## The task
Practice item. Set the material below down again exactly, with no pictures.

## Data block
::::::
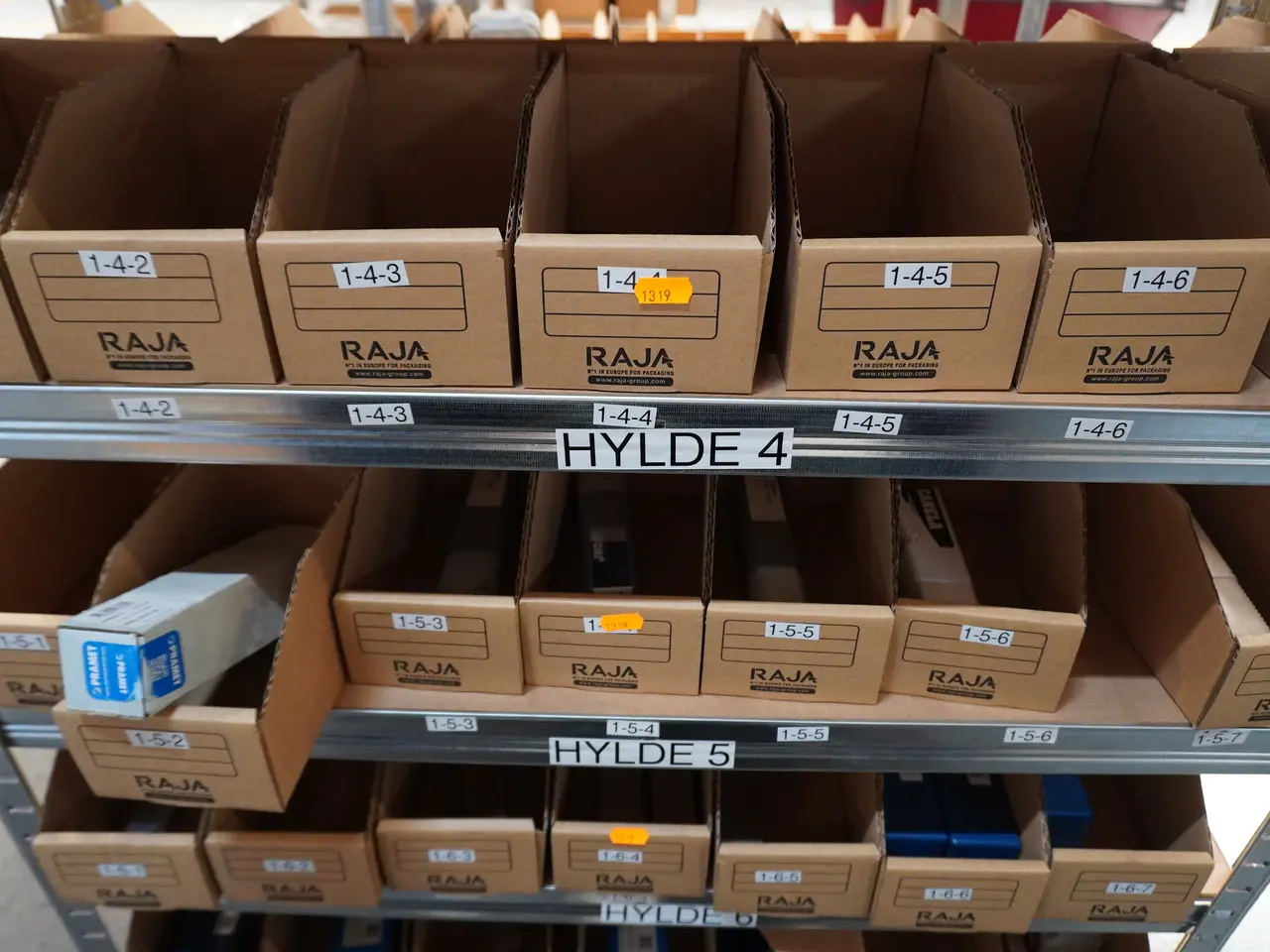 Billede 1 - Kasser med bor, stikstål m.m.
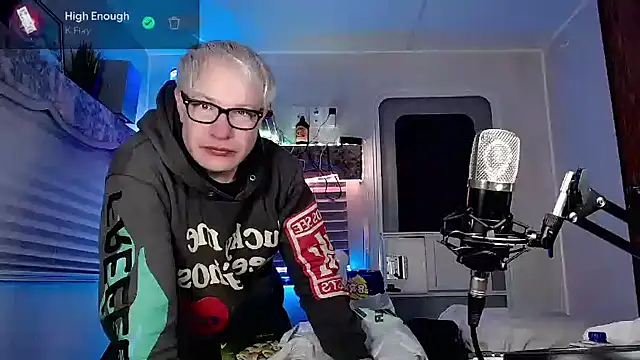 Snarfle82 online show from 03.12.25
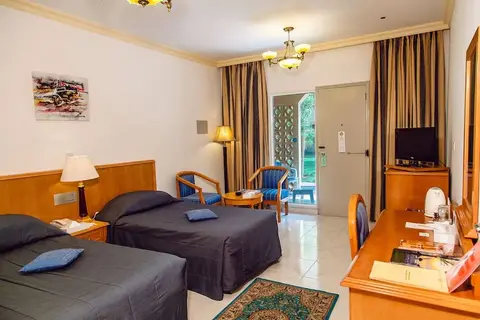 Sharjah Carlton Hotel in Al Khalidiyah — foto 4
::::::
## The answer
 Billede 1 - Kasser med bor, stikstål m.m.
 Snarfle82 online show from 03.12.25
 Sharjah Carlton Hotel in Al Khalidiyah — foto 4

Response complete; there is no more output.